Es evidente, sin embargo, que la historia de una vida tan abierta y tan rica, no puede ser narrada siquiera brevemente. Sólo podemos intentar vislumbrarla, pero aún así merece la pena. Un libro religioso sólo nos podrá atraer si completamos su estudio intentando conocer a su Maestro. Muchas religiones no han tenido en consideración este punto de vista. La religión hindú, por ejemplo, se apoya en los Vedas, pero no nos dice nada acerca de los Rishis que recibieron los Vedas de Dios. La necesidad de completar el mensaje mediante una biografía del mensajero no les parece exigible a los exegetas hindúes. Los sabios judíos y cristianos, al contrario, no dudan a la hora de denunciar a sus propios Profetas. Olvidan que una revelación que no ha podido reformar a su receptor no debe ser muy útil para los demás. Si el receptor es intratable, nos vemos obligados a preguntar: ¿Por qué lo eligió Dios? ¿Debió hacerlo? Ninguna de las dos suposiciones parece razonable. Pensar que la revelación no llega a reformar a algunos de sus receptores es tan poco razonable como pensar que Dios no tiene otra alternativa que elegir para la transmisión de Sus revelaciones a receptores incompetentes. Y sin embargo, ideas de este tipo han logrado introducirse en distintas religiones, posiblemente debido a la distancia que ahora las separa de sus Fundadores, o bien debido a que el intelecto humano, hasta el advenimiento del Islam, era incapaz de percibir el error de tales ideas.

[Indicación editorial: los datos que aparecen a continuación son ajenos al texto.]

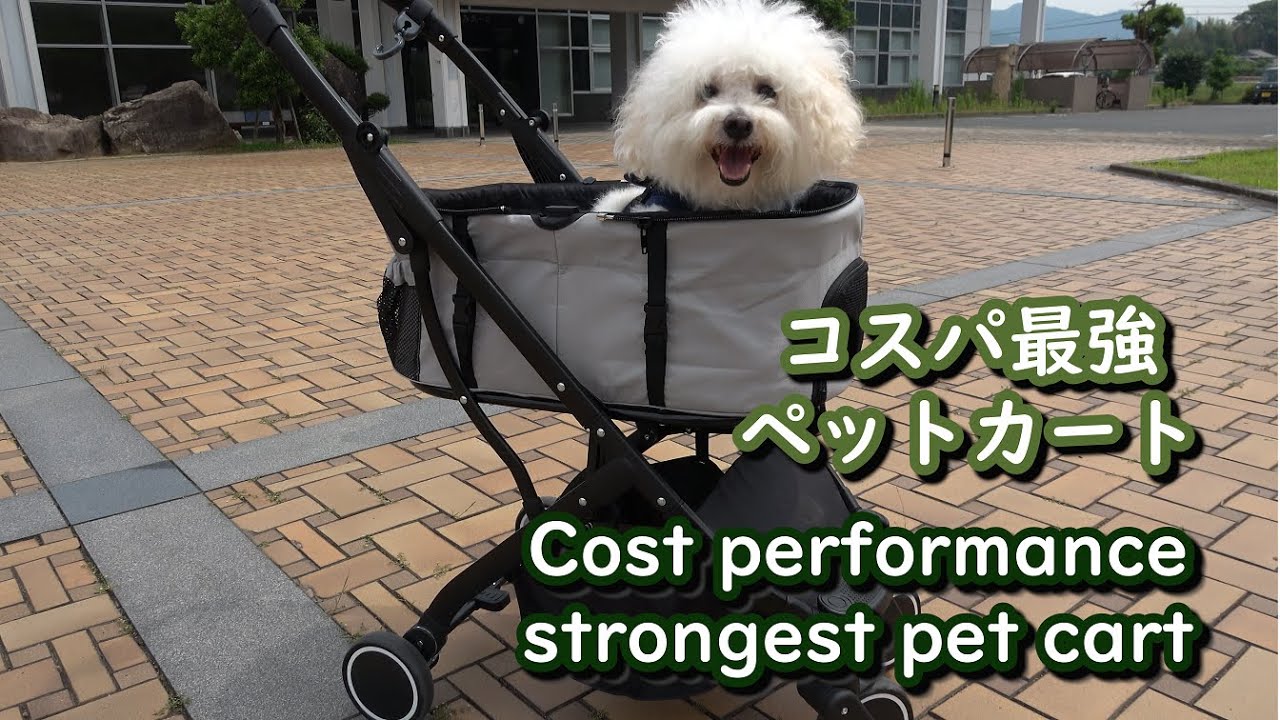 【コスパ最強】人気のベビーカーも販売されてる、エアバギーのペットカートを購入予定でしたが、五分の一の値段で、素敵なペットカートを購入した犬、ビションフリーゼのうたくん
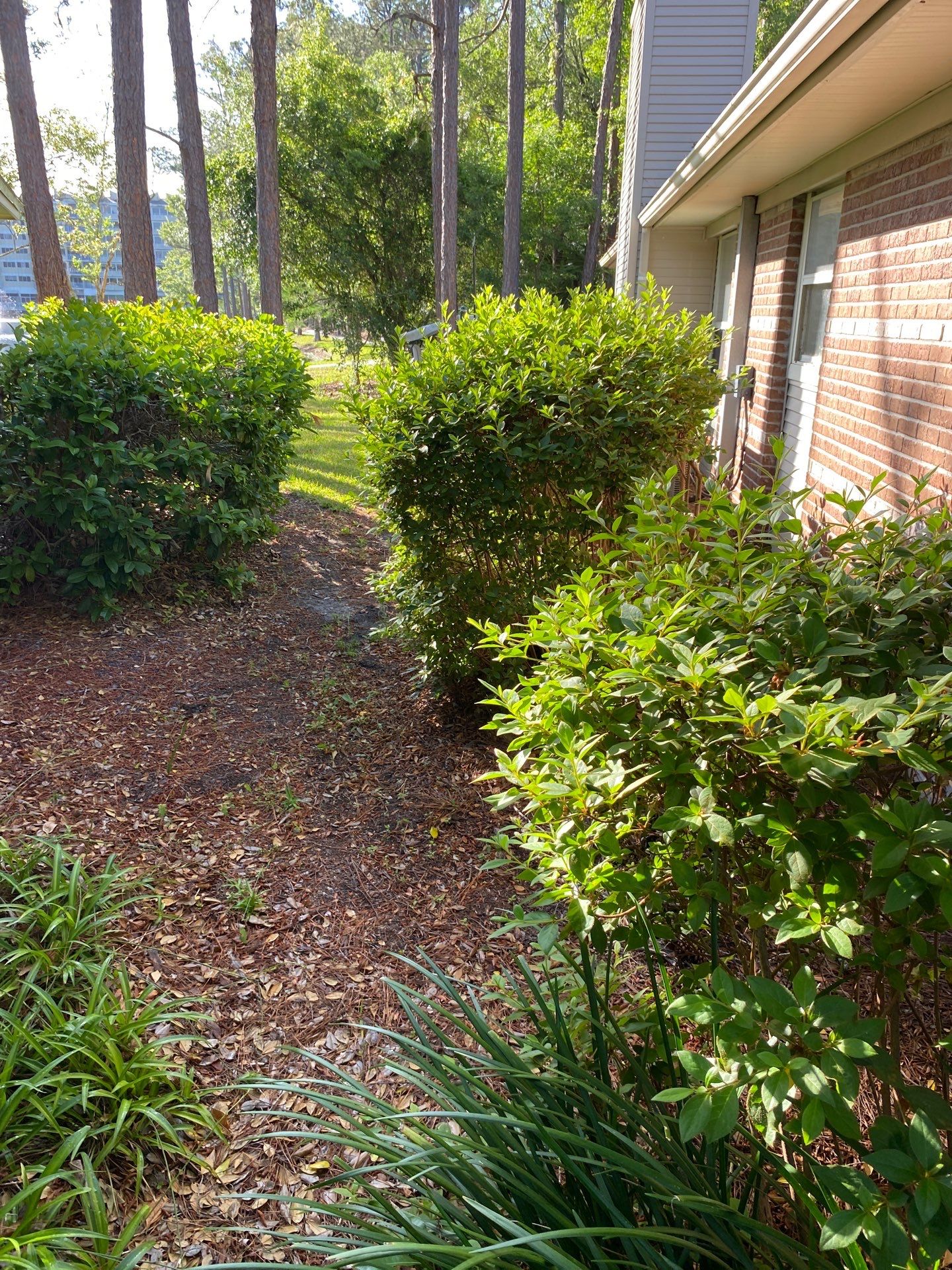 Residential | Volunteer Clean-Up by ProGreen Services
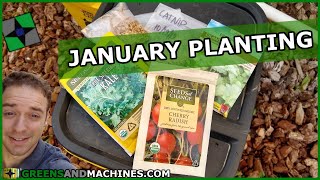 Heres Which Vegetables Im planting in January | Container Gardening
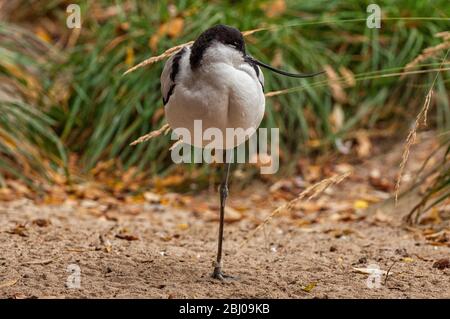 Ein Avocet steht auf einem Bein Stockfoto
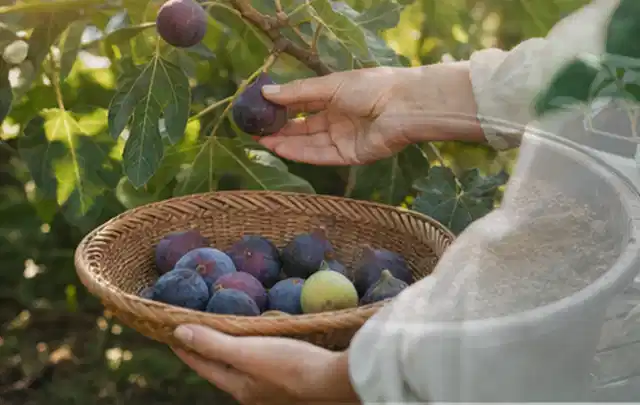 Hand pflückt eine reife Feige über einem flachen Korb mit Früchten; Thema Schnittlauch, Schwerpunkt Einsteigerwissen; Umsetzung.
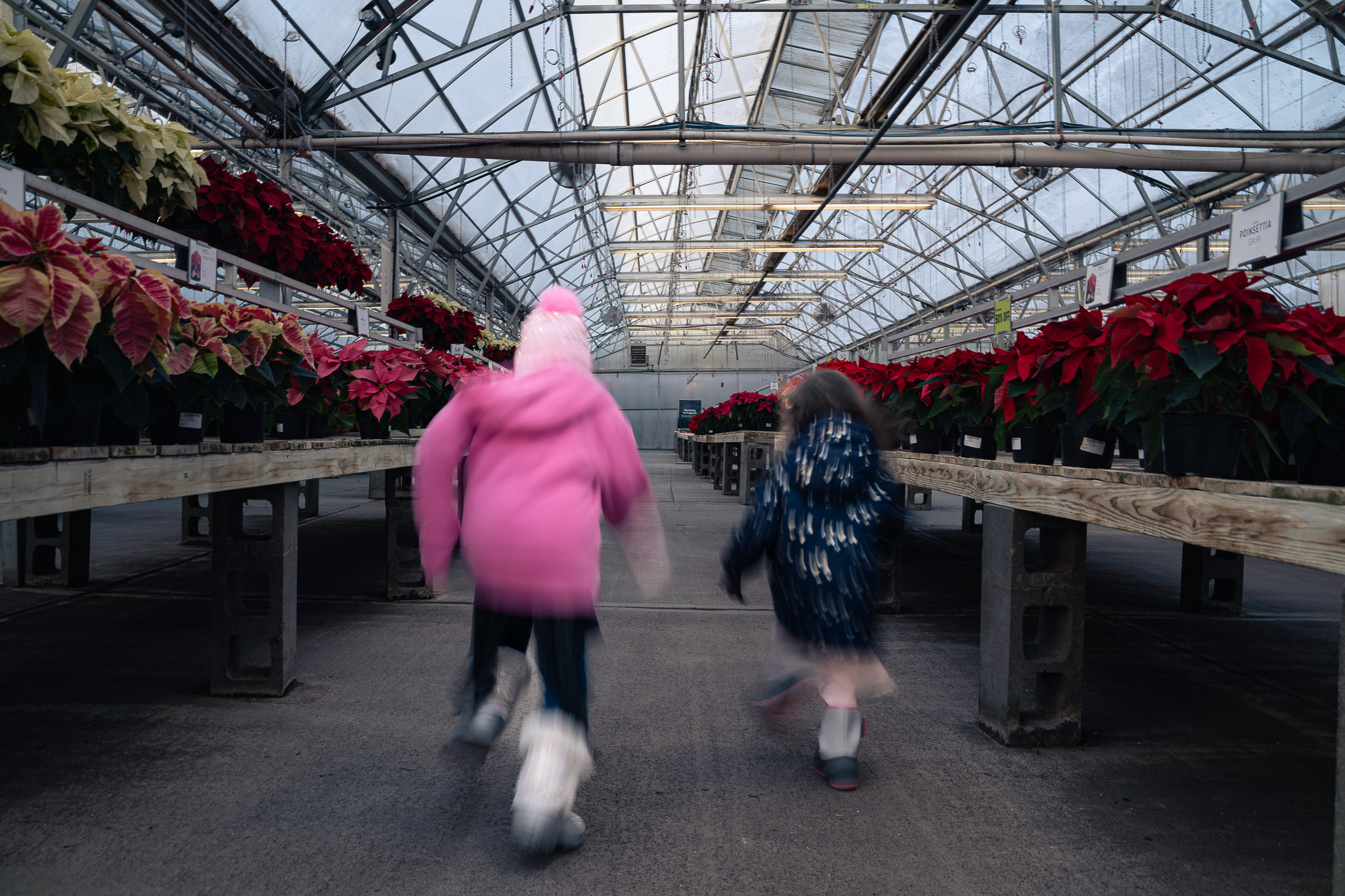 Portrait of two girls running down an aisle together causing intentional motion blur with plants in the background. Lyssa Benavidez Photography Elkhorn, NE Lyssab.com Lifestyle family photography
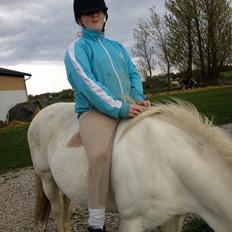 Anden særlig race Tessa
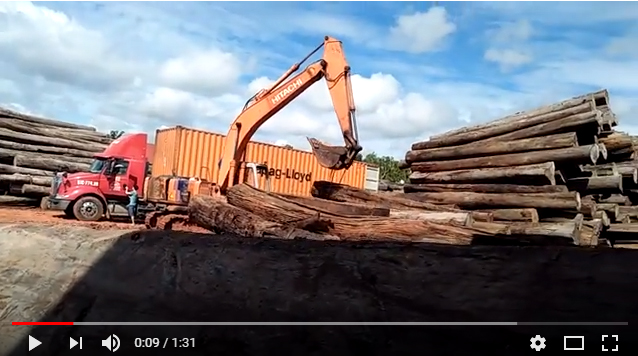 KHÁNH VUA Xuất 50 Container gỗ Căm Xe cho đối tác Ấn Độ tại kho Bình Phước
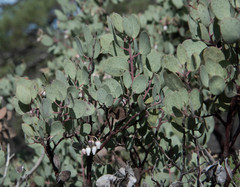 Arctostaphylos viscida pulchella
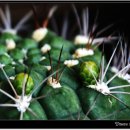 꽃봉우리 이미지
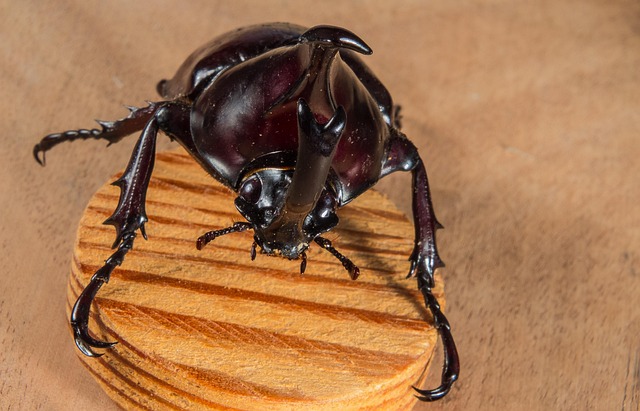foreign-grain-beetles-beetle-640x480-93693931.jpeg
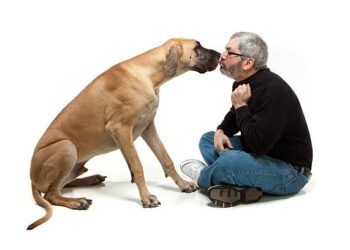 Smooch Your Pooch or Not: The Pros and Cons of Kissing Your Dog
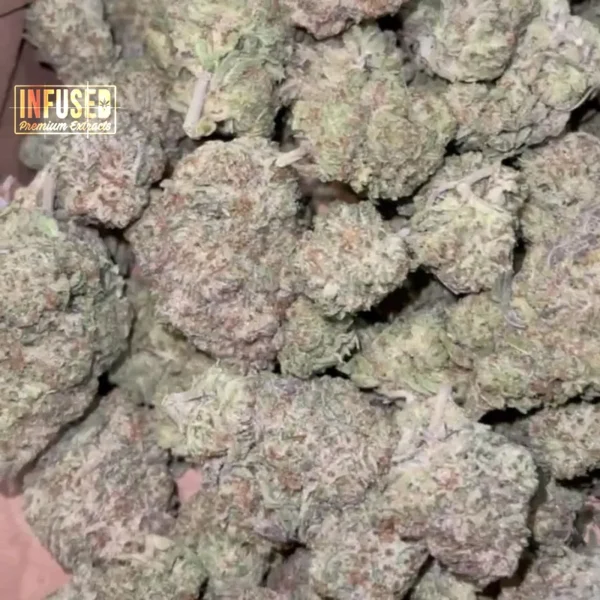 Grape gas strain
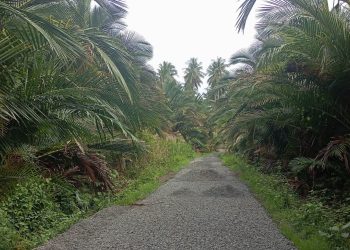 Kontraktor Tak Mampu Selesaikan Proyek Jalan, PUTR Bolmut Lakukan Pemutusan Kontrak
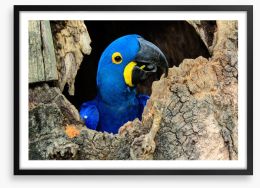 Hyacinth macaw hello Framed Art Print 98159049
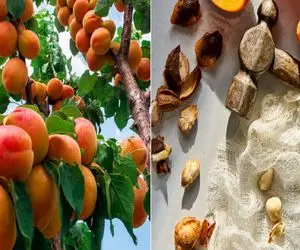 از هسته تا نهال؛ پرورش زردآلو در گلدان به ساده‌ ترین روش/ سبز شدن هسته زردآلو در خانه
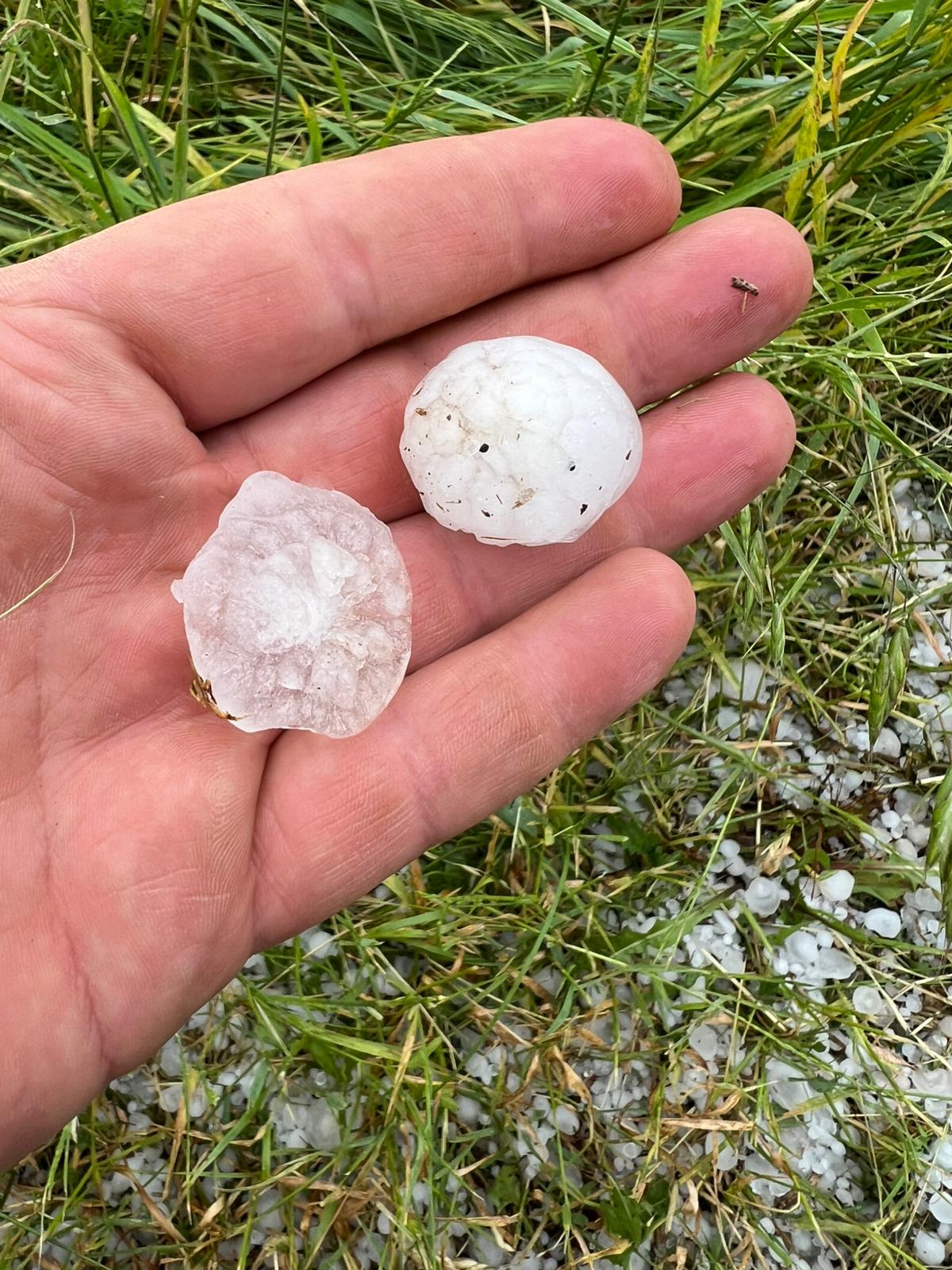 Grindina furtunile si inghetul au facut daune record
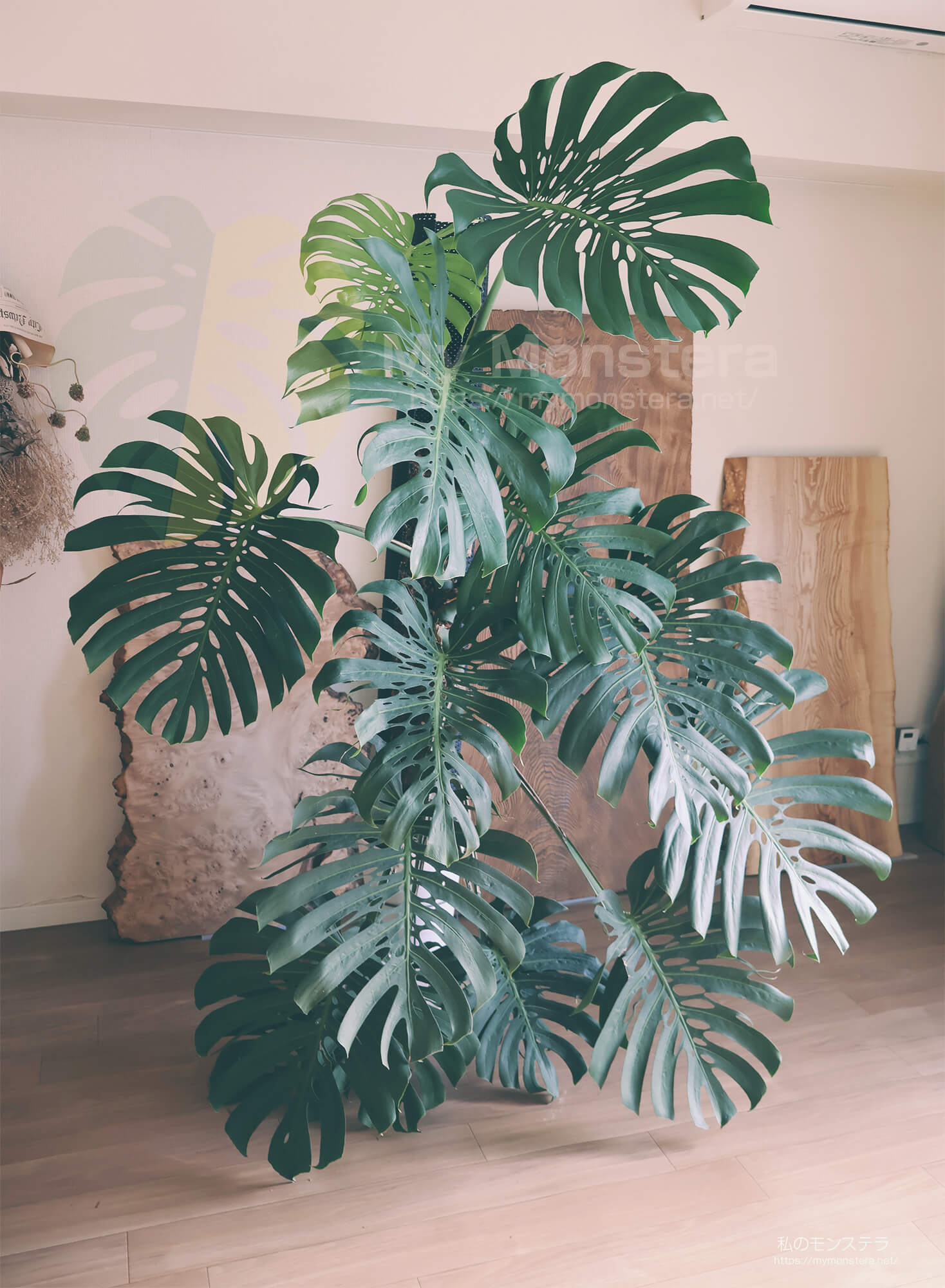 モンステラデリシオーサマクロコズム( Monstera Deliciosa Macrocosm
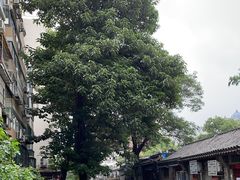 -星巴克(北京新东安)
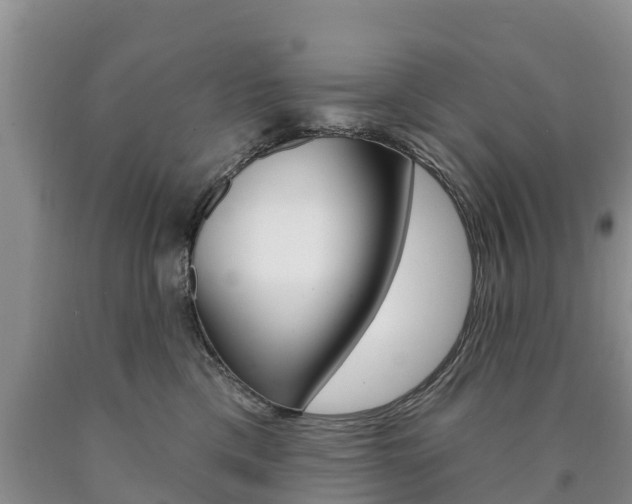 X0000090870425200707270959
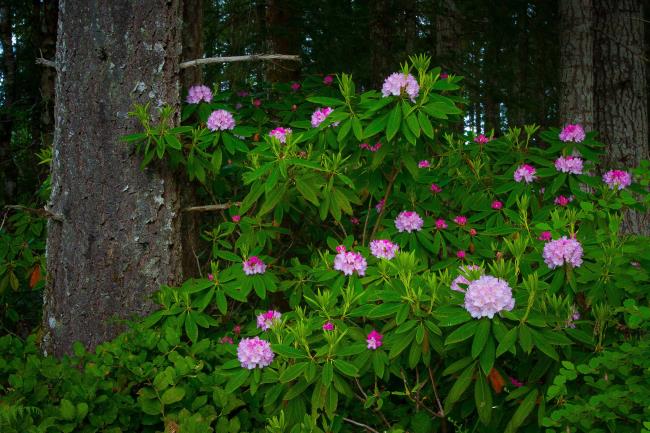 Coleção das mais belas flores de azálea da floresta
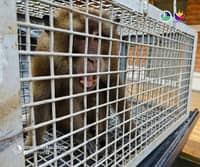 Endangered long-tailed macaque rescued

En los primeros años del Islam, el pueblo se dio cuenta de la importancia y el valor de considerar juntos el Libro y su Maestro. Una de las santas esposas del Santo Profeta(sa) fue la joven ‘A’ishara. Tenía unos trece o catorce años cuando se casó con el Santo Profeta(sa). Su unión duró unos ocho años. Al fallecer el Profeta(sa), ella tenía unos veintidós años. Era una joven analfabeta y sin embargo, sabía perfectamente que no se puede separar la enseñanza de quien la transmite. Cuando se le pidió que describiera el carácter del Santo Profeta(sa), respondió inmediatamente que su carácter era el Corán (Abu Dawud). Él practicó lo que enseñaba el Corán; lo que enseña el Corán no es otra cosa que lo que él hacía. Es una prueba de la gloria del Santo Profeta(sa) el hecho de que una joven analfabeta fuera capaz de comprender una verdad que se les había escapado a los eruditos judíos, hindúes y cristianos. Hazrat ‘A’ishara expresó en una breve frase una verdad fundamental: a un Maestro verdadero y honesto le resulta imposible predicar una cosa y practicar otra. El Santo Profeta(sa) fue un Maestro verdadero y honesto. Esto, evidentemente, es lo que quería decir Hazrat‘ A’ishara. Él practicaba lo que predicaba, y predicaba lo que practicaba. Conocerle a él es conocer el Corán. Y conocer el Corán es conocerle a él.